As far as the consolation of God; Lehner touches on theodicy, but he does not touch on the most common “Nice God” response to that problem, which is to recite in a talismanic fashion, “I believe everything happens for a reason,” by which is meant that God has a hidden purpose behind the most hideous events, which will be revealed to us in the fullness of time.  I have been blessed with, so far, no immediate tragedy in my life, so perhaps this is easy for me to say, but as David Bentley Hart has pointed out, what God promises us is not the unveiling of such a grand synthesis, but the wiping away of tears, and the remaking of all things:  “Behold, I make all things new.”  Lehner does point out that part of Christian theology is the ultimate revelation of the downstream effects of our sins, but that is, if you think about it, the opposite of showing how those sins were part of God’s plan.  Related to theodicy is Lehner’s criticism of the modern tendency to see health as the highest good.  This is also a product of the Enlightenment—I am currently reading Paul Rahe’s New Modes and Orders in Early Modern Political Thought, which exhaustively catalogues the philosophical turn to human comfort as the highest good during the Enlightenment (something Rahe appears to endorse, as a Straussian, but I will discuss that in my review of that book, not this one).  Of course, those who worship a (factually inaccurate) picture of the Enlightenment, like Steven Pinker, also agree that this change to the effective worship of health is an improvement, which it is—if, and only if, God is merely, or at all, nice.  I want good health for myself and my family, and for everyone, as much as the next person.  I am greatly blessed in that regard, but I will not always be, and Lehner informs us it is not the highest good.  In fact, we should not be heard to complain when God fails to deliver us perfect health, or even good health.
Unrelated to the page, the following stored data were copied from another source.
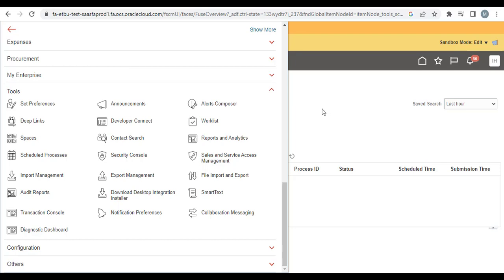Welcome everyone. In this lesson we will cover the predefined BI Publisher Reports that are available in Accounts Payables. The reports are either OTBI, Oracle Transactional Business Intelligence reports, or BI Publisher Reports.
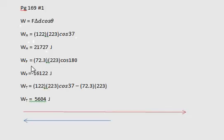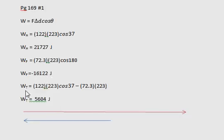And then we'll calculate the work on friction, and since friction works in the opposite direction, it would give us negative 16,122 joules. And to calculate the total joules we would just add both of those up, which gives us 5,604 joules.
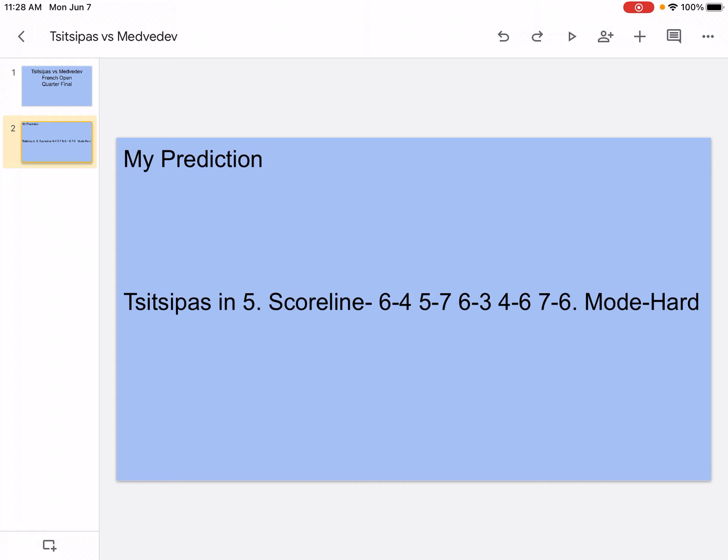Getting into the analysis: Tsitsipas has 6 titles, he's number 5 in the world, and he went to the French Open semifinals last year. He's an aggressive baseliner, an all-court player with powerful ground strokes and a good serve. Grand Slam semifinals is his highest result—he reached the Australian Open semifinals twice and French Open once. He's the highest-ranked Greek player in history at number 5 in the world. He won Montreal Open and reached Boston Open final this year.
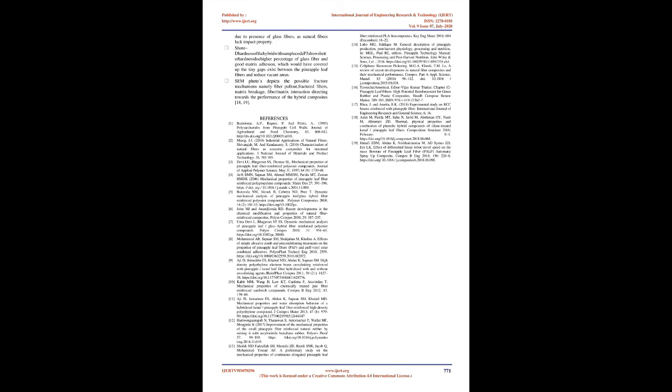Shore D hardness of hybrid with sample code P3 shows better hardness due to higher percentage of glass fiber and good matrix adhesion, which would have covered up the tiny gaps existing between the pineapple leaf fibers and reduced vacant areas. SEM photos depict the possible fracture mechanisms, namely fiber pull-out, fractured fibers, matrix breakage, fiber-matrix interaction, directing towards the performance of the hybrid composites.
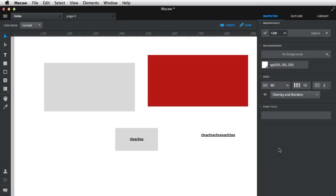Hey, I'm Adi Purdila. Welcome to video number two of this mini-series about Macaw, the CodeCav web design tool. In this video, I'll show you the tool panels.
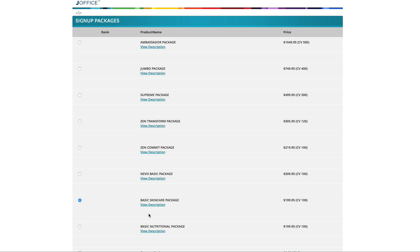Please note, the packages I'm about to describe are mainly for people interested in joining from the United States of America and Canada. Depending on where you are located, since Jeunesse is operating in over 120 countries all over the world, the packages may vary as to their price and the products they contain.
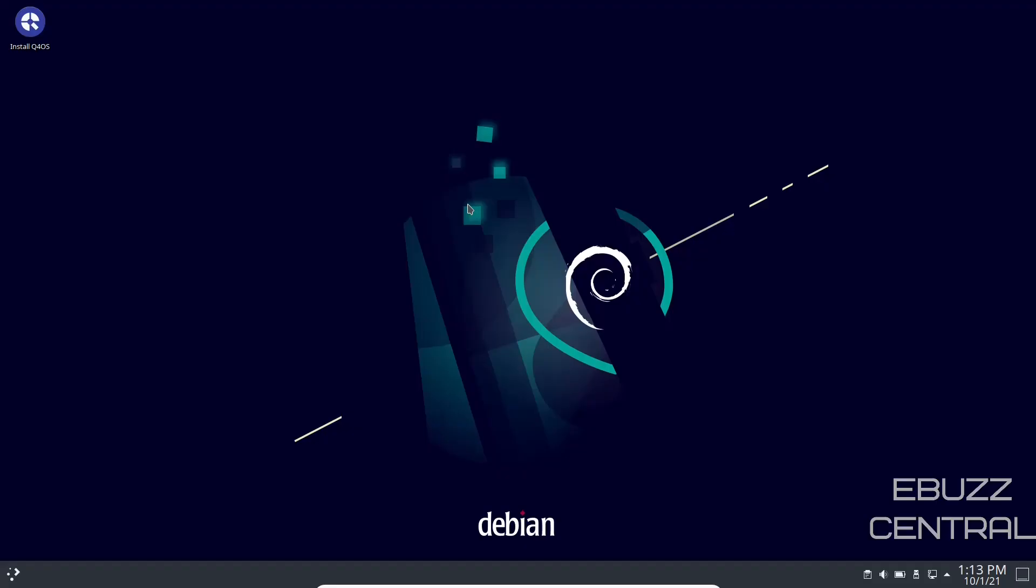So is Q4OS something you would download, throw on a USB, or put into a virtual machine? Tell me your opinion down below in the comments.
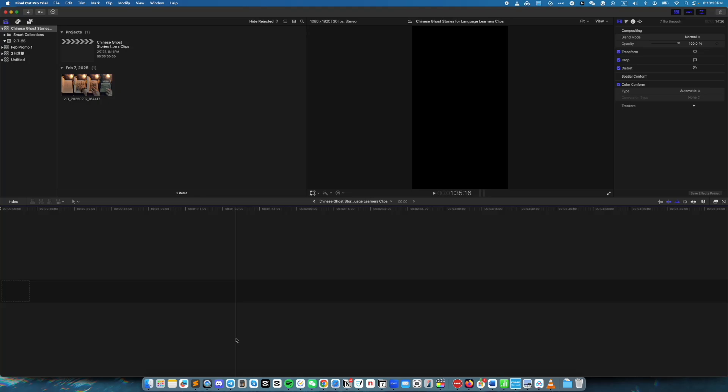One of the really nice features that Final Cut Pro has, and I have not found in other software, is the ability to export multiple clips at once. For example, here I have one big media file that includes parts I do not want in the final clip. I want to cut the big clip into multiple little clips so that when I need to use them, I only need to get the parts that I need, instead of working through the entire big file.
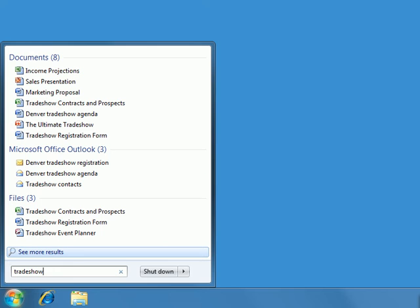The search results display a list of relevant documents, emails, and files that contain the word trade show in the name or somewhere within the item's content, or the ones that had the word trade show applied to them as a tag.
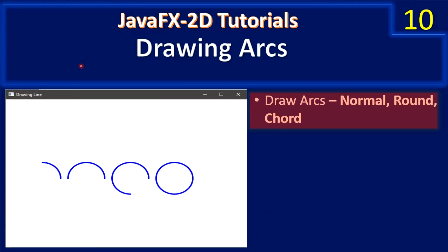Hello friends, welcome to JavaFX 2D tutorials. In this video we are going to see how to draw arcs. When we discuss about drawing arcs, we will discuss about normal, rounded, and chord type of arcs.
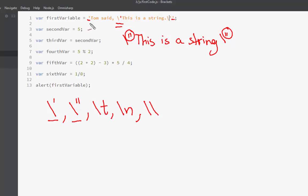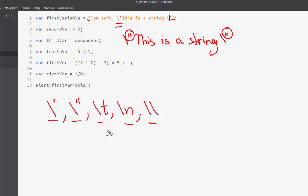The outer single quotation marks tell the compiler the starting and ending part of the text. The tab escape sequence tells the compiler that four spaces must be left out — a tab space is inserted at that point in the string. When we include the newline escape sequence, the text that comes after it will be printed on a new line in the browser.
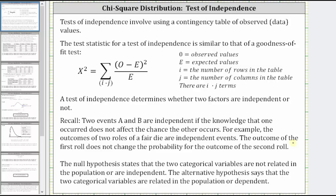In performing a test of independence, the null hypothesis states that the two categorical variables are not related in the population, or they are independent, and the alternative hypothesis states that the two categorical variables are related in the population, or are dependent.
In an interview about this book, Lehner tellingly cites, from Luke 17, the story of the ten lepers that Jesus healed, only one of whom returned to thank him.  It’s that view of God that Lehner realizes is a timeless temptation, because it’s easy.  You might call that version of Christ “turnkey Jesus.”  God Is Not Nice is only a gateway to thinking about this problem; the book touches on many of the most tangled and troubled theological issues of Christianity, which it cannot possibly cover in detail, and therefore I think its main value is in exposing to the interested reader the basic concepts of Christianity that are alien to the beliefs of most Christians today.  They won’t know all the details after reading this book, but at least they’ll have good reason to question the unexamined beliefs they hold, and to explore further.